# NORML Launches Daily "AudioStash" New 30-Minute Podcast Available At 4:20



## LdyLunatic (Jun 17, 2006)

June 15, 2006 - Washington, DC, USA 
Washington, DC: NORML has launched a new daily, 30-minute edition of its weekly podcast. The original programming, entitled "NORML's Daily AudioStash: The Growing Truth About Marijuana," is available via podcast and direct MP3 download every weekday at 4:20pm at either http://www.normlaudiostash.com/ or http://www.norml.org/ 
Archived shows are also available online. 
Episodes of NORML's Daily AudioStash will feature breaking news stories and interviews, NORML Chapter profiles, music and comedy sketches, as well as regular segments on cannabis and health, legislative reform efforts, and hemp technology.
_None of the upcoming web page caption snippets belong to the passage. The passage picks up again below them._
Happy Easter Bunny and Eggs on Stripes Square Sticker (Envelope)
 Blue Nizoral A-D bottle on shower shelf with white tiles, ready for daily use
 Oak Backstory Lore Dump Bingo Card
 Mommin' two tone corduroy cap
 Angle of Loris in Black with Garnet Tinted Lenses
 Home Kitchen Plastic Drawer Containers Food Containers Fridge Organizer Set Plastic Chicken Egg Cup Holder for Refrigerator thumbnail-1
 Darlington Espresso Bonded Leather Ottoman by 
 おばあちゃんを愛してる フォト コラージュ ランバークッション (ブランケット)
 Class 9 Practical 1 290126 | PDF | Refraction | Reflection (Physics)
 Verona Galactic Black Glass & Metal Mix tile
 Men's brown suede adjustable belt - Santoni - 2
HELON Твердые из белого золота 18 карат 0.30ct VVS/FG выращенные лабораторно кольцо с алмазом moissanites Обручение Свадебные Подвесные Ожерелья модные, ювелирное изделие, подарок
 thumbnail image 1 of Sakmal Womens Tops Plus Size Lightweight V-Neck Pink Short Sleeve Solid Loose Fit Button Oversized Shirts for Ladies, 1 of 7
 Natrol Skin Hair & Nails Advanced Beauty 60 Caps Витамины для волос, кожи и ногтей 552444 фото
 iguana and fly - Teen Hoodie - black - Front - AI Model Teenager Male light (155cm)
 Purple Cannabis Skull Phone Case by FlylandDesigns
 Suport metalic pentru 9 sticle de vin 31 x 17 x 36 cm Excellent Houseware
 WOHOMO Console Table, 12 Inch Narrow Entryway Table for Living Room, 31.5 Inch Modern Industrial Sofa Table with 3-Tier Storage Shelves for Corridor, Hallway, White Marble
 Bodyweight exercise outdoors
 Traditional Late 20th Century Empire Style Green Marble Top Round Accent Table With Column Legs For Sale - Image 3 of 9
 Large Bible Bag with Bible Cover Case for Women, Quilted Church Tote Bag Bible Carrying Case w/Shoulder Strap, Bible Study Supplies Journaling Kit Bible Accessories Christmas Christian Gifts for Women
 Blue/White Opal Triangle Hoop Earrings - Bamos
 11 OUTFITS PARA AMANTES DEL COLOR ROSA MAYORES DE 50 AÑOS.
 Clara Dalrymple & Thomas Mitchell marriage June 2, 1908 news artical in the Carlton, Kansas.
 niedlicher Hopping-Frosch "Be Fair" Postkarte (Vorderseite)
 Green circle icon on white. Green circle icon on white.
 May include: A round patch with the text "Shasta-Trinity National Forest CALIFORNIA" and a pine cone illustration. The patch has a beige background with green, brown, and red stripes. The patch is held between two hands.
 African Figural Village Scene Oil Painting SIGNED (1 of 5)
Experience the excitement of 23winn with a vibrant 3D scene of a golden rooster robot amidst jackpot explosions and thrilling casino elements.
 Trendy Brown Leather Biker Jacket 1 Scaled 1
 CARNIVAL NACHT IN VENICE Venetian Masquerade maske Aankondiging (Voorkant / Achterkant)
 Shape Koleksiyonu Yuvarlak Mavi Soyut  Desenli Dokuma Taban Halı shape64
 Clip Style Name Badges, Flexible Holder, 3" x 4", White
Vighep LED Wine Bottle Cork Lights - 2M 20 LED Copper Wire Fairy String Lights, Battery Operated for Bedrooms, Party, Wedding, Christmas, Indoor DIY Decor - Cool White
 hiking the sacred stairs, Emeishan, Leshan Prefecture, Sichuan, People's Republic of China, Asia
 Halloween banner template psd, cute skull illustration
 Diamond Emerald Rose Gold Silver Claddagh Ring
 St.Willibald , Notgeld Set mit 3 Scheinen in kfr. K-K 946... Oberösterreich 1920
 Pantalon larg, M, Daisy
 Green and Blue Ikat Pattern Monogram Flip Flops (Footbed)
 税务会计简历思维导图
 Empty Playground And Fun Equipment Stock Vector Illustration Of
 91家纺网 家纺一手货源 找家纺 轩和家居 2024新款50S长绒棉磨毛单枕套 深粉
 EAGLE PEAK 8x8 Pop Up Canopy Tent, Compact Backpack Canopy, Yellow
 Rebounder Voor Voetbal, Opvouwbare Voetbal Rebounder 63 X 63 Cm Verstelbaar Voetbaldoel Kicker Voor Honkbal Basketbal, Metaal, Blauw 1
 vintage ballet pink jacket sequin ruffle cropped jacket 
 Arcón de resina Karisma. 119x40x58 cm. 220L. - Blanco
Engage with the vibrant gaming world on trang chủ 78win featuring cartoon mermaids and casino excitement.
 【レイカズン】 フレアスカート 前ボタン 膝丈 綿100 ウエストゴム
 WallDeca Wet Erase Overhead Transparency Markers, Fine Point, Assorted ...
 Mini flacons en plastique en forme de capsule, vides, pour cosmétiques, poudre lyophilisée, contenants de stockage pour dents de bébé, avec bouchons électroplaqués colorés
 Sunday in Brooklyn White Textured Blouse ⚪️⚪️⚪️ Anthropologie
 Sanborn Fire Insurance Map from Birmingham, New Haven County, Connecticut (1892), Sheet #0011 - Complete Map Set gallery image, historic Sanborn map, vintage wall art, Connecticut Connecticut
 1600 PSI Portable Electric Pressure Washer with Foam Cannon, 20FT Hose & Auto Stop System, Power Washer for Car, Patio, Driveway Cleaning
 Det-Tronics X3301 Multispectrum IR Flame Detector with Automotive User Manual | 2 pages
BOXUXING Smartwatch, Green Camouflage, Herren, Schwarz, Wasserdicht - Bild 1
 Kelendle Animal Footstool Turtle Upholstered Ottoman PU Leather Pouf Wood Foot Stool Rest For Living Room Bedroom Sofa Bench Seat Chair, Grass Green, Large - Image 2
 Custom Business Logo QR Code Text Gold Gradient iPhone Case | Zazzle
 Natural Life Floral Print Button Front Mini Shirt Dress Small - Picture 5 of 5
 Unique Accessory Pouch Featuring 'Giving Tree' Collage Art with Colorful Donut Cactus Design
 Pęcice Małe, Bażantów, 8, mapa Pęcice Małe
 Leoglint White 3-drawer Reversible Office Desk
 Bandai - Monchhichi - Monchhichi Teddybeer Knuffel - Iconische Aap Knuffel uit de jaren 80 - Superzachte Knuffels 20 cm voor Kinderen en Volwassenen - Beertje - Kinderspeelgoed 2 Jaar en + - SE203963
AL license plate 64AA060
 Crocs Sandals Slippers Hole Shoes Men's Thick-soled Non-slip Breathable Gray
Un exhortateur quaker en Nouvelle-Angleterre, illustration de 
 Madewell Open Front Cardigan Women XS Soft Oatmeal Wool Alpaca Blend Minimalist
Featured guests on the show have included NORML Executive Director Allen St. Pierre, Mitch Earleywine - author of the book Understanding Marijuana: A New Look at the Scientific Evidence - comedian Tommy Chong, and NORML Board Member Dominic Holden, among others. 
"With so much happening in the world of cannabis law reform, there was an urgent need for the creation of a daily audio show to capture the various voices of the reform movement and keep consumers up to date with the latest pot-related science, news, and events information that you won't find anywhere else but on NORML's AudioStash," NORML Executive Director Allen St. Pierre said. NORML's podcasts rank as one of the most popular political audio programs available on the Internet, according to tabulations released by Apple Computer's iTunes Music Store.


----------